If true, then we’re already a socialist country. Over half of all current health spending in the United States is financed by taxpayers at the federal, state, and local level.
- Government is notoriously inefficient.
Surprisingly, not true. Thirty-one percent of current health spending is spent on administration. Medicare, by contrast, operates with just 3 percent overhead. Canadian provincial health care averages even lower at around 1 percent – and Canadian life expectancy is two years longer than ours. Recent estimates in the International Journal of Health Services indicate that the United States spends between 50 and 100 percent more on administration for health care than countries with single-payer systems.

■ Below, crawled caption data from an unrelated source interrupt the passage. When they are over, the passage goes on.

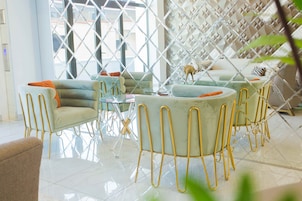 A modern living room with a glass coffee table, sofas, and chairs with gold legs.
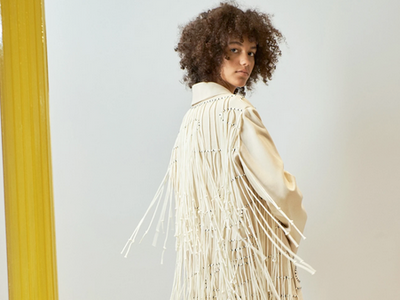 Macrame in Fashion, Black woman in cream coat with rope fringe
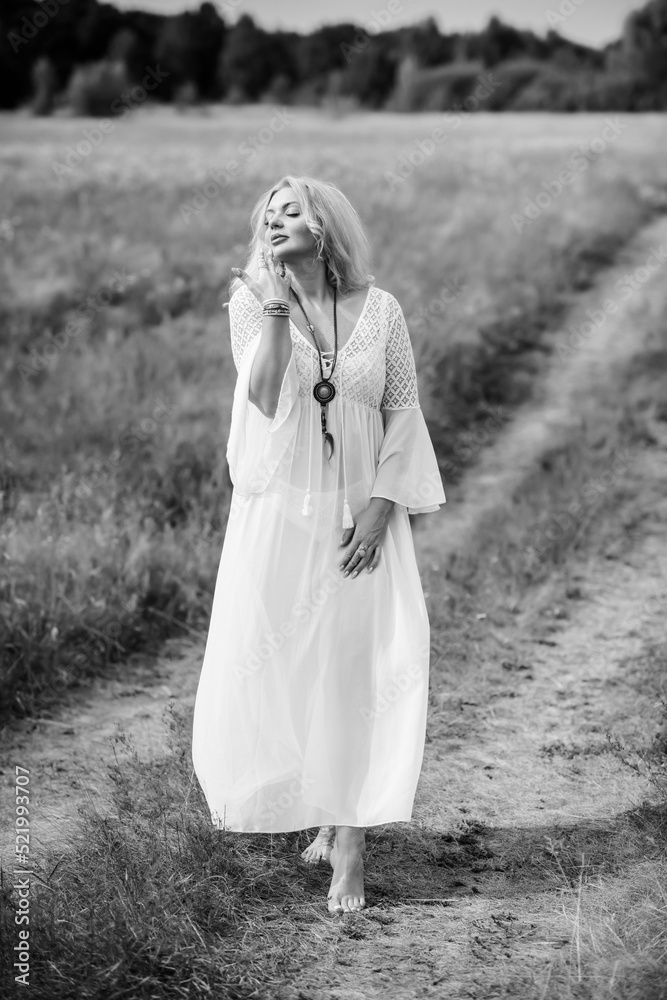 Ethnic hippie woman posing in boho long white lace dress at nature. Concept of ethnos style Ethnic hippie woman posing in boho long white lace dress at nature. Concept of ethnos style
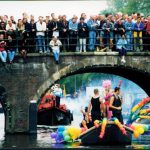 Boat passing under a bridge while people watch from above.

Moreover, both the Congressional Budget Office and the General Accounting Office have reports going back to 1991 indicating that moving to a single-payer system would save enough from waste alone to pay for those not insured.
- We’ll have to ration care.
Care is already rationed. Most of us with insurance don’t get to pick our own doctor and we still have long waits for necessary tests and services. But rationing can be even more insidious. Insurers ration health care by making it too expensive for many people to afford and then shift those costs to the taxpayer – who pays emergency care rates (the most expensive kind) for these folks when they seek treatment at the last moment. Frankly, insurance with a $3,000 annual deductible is no insurance at all. Here’s what rationing really looks like: 25 percent of Americans didn’t go to the doctor last year when they needed to because they didn’t have the money. In Canada, the rate was only 4 to 5 percent, in Britain 2 to 3 percent.
Single-payer is our best, most economically responsible and prudent option, but – and here’s the Twilight Zone ending – we probably aren’t going to get it. The fact that both the pharmaceutical lobby and AARP support the plan currently under construction in Congress tells me it’s already been compromised. We’re destined for more of the same.
I can only hope that Mr. Obama understands this and that the so-called “public option” still on the table, will be a first step toward a more efficient, and maybe even just, health care system for all Americans.